Solarforce K3 Modded & Compared - Pics w/Vid *Pic Heavy*

This was NOT easy! I used a cordless drill and a dremel. Well, initially I cut the disk out with a large hole saw on the drill press.


Cutting the groove in the circumference was a PITA to do! But I think it will nearly double the capacity of this sink to remove heat, as it created much more surface area. I used 1/16, 1/8, 5/32, and 3/16 bits.

Nice. Have you thought about designing holes in brake discs? Any initial thoughts on how it works?

Looks a lot like a brake disc, but then, that’s exactly what they’re designed for too, isn’t it? I think it disperses heat through the extra surface area the holes and slot provide, just a guess.

LOL, I haven’t run it yet, just got done with it and got a shower to get all the aluminum dust off me. I was going to turn it down a bit, so the larger holes would have a portion cut off and make an anti-roll feature, but it’s all done by hand and not exactly concentric which would show more if I tried to do it that way. So I’ll probably leave it alone. Not something I’m good at. Stopping short of ruining something. :wink:

I’ve got it set up just like before , running 4.40A. Except now it has this huge chunk of copper running down into the L2P host. And now the heat goes into the top of the battery tube quicker, but between the copper and the outer heat sink, it’s showing 123.6º in 5 minutes instead of a little over 133º. So it’s about 10º cooler in that first 5 minutes. How much further it’ll go I don’t know yet. But it concerns me that the heat is going into that top cell, Anyone know what the danger zone is for a Li-ion temperature wise?

It did last year in a thread titled :
7135 drivers with higher voltages progress report: Next step 2s2p

I went as far as 3s XML’s from 3s liion using a nanjg 7135 driver. In post #14 DrJones kindly pointed out 2 different ways to achieve this. I used one and comfychair uses the other( note: before that I didn’t know diddly about either but it is apparently common to use Zener diodes this way).

The problem is that as with most of my threads anything useful is likely buried under piles of .

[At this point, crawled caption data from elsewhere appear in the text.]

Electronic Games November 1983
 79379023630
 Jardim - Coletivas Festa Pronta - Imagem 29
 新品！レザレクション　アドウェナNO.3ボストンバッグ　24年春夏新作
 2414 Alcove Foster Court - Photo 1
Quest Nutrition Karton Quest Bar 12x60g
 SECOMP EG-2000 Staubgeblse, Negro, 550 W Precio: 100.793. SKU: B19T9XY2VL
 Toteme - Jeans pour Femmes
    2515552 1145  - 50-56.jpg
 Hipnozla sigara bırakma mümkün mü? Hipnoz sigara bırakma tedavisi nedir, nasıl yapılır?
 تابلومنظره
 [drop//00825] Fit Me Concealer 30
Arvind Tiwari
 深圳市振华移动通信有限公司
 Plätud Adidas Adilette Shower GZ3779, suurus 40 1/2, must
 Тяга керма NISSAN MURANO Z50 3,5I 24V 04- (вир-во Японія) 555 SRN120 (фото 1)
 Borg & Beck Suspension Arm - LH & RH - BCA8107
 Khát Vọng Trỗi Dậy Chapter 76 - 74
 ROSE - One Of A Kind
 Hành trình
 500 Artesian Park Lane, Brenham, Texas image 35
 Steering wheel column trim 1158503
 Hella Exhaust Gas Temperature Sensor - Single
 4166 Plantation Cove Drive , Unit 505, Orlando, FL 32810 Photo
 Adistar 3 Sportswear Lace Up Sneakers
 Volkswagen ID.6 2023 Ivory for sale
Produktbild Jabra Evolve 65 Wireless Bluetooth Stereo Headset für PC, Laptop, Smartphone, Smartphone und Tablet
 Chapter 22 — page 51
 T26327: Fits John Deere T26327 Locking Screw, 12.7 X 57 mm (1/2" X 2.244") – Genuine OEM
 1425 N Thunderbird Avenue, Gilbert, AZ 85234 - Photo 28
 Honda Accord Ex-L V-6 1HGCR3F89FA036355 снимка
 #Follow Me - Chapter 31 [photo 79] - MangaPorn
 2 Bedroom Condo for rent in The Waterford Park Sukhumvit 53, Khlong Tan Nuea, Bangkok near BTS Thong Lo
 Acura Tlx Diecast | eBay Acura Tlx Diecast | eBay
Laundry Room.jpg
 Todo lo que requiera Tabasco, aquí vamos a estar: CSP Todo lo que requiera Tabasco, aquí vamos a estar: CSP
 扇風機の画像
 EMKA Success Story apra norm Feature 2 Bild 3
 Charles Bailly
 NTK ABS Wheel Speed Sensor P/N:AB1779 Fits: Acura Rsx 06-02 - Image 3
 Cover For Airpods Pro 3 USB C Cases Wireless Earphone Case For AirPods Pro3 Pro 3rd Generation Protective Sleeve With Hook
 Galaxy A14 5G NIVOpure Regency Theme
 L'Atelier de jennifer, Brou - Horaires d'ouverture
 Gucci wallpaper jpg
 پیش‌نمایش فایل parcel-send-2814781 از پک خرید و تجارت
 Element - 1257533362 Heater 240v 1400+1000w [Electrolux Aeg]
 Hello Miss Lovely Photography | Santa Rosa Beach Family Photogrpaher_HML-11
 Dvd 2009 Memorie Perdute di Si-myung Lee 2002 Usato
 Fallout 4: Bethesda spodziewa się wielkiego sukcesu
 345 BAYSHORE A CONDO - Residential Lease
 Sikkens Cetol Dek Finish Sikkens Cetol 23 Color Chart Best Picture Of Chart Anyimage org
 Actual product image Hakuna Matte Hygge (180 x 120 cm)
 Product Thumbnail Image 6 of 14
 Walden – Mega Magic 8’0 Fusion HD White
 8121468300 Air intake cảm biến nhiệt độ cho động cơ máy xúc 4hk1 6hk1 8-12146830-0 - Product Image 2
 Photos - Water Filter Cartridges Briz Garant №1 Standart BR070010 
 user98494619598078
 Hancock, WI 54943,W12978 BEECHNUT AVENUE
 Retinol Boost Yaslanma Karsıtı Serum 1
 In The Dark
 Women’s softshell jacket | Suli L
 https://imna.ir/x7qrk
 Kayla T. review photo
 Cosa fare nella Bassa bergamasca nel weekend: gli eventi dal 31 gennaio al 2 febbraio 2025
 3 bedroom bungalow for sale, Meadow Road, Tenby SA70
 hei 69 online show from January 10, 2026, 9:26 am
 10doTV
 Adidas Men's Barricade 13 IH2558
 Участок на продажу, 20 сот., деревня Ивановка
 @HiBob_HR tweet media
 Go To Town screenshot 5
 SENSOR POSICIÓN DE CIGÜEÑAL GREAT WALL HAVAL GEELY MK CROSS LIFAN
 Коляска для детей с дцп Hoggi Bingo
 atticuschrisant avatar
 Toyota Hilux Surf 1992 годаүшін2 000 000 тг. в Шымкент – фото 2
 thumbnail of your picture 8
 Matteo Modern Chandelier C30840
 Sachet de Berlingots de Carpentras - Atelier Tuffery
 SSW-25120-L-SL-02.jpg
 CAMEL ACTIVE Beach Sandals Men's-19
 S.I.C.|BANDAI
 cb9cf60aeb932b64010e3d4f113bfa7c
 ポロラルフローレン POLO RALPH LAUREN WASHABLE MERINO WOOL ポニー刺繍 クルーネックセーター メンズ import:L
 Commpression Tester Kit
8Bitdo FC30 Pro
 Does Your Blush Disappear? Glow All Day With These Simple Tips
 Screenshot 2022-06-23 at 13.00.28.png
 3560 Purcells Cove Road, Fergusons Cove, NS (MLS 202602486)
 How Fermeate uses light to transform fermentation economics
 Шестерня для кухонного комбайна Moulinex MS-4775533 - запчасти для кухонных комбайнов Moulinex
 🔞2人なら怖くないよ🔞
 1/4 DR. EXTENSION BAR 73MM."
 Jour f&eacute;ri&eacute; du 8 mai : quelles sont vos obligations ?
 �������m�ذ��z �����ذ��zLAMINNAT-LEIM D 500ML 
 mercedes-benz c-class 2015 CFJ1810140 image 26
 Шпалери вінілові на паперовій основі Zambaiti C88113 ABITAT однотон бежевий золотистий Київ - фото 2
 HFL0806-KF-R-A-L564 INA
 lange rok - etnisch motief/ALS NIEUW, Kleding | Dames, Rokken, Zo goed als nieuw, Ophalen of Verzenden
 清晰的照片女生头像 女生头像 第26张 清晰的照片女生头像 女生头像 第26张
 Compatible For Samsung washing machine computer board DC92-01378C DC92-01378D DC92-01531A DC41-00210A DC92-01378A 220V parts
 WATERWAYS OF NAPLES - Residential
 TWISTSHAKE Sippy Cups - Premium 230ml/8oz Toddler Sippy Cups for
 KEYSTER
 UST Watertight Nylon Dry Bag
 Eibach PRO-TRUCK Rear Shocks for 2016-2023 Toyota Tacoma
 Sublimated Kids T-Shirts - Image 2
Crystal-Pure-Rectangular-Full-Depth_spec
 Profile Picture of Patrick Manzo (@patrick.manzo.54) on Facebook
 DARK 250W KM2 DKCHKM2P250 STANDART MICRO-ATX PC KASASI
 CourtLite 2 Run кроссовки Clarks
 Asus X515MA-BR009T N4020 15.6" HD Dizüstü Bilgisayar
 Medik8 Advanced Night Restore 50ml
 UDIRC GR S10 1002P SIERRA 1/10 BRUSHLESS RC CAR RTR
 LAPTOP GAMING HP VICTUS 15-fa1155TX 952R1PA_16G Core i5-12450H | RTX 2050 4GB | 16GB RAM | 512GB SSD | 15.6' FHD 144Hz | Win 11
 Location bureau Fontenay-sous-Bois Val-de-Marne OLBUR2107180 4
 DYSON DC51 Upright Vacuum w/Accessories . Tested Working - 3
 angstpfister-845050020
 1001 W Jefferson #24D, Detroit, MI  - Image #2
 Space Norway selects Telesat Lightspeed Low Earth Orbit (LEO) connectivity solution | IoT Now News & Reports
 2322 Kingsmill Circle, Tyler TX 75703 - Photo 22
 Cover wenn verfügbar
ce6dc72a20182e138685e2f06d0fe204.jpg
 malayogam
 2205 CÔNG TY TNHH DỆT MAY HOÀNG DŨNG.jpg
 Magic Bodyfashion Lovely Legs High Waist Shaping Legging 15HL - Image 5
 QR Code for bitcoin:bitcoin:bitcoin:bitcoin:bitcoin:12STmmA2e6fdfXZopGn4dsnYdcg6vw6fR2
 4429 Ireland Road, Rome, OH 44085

Not quite... under braking the pad material doesn't get worn away by friction like you'd expect, it's oxidized or converted directly to gas. That gas coming off the pad surface can get trapped between the pad & disc and reduce the surface contact, hence the holes and/or slots that give the gassified pad material an escape path. Kinda like the grooves in the tread pattern of a wet weather tire give the water an escape path so the rubber doesn't float off the road surface.

All the test results I’ve seen are about the heat dispersal on vented brake rotors. Ie: reduced brake fade after repetitive stopping due to overheating. If what you’re saying is straight up, then the OE brake rotors are endangering our lives and we could get a big class action suit going against the big 3 for simply not using vented rotors. Also, why all the brake dust if the pads are oxidized instead of worn?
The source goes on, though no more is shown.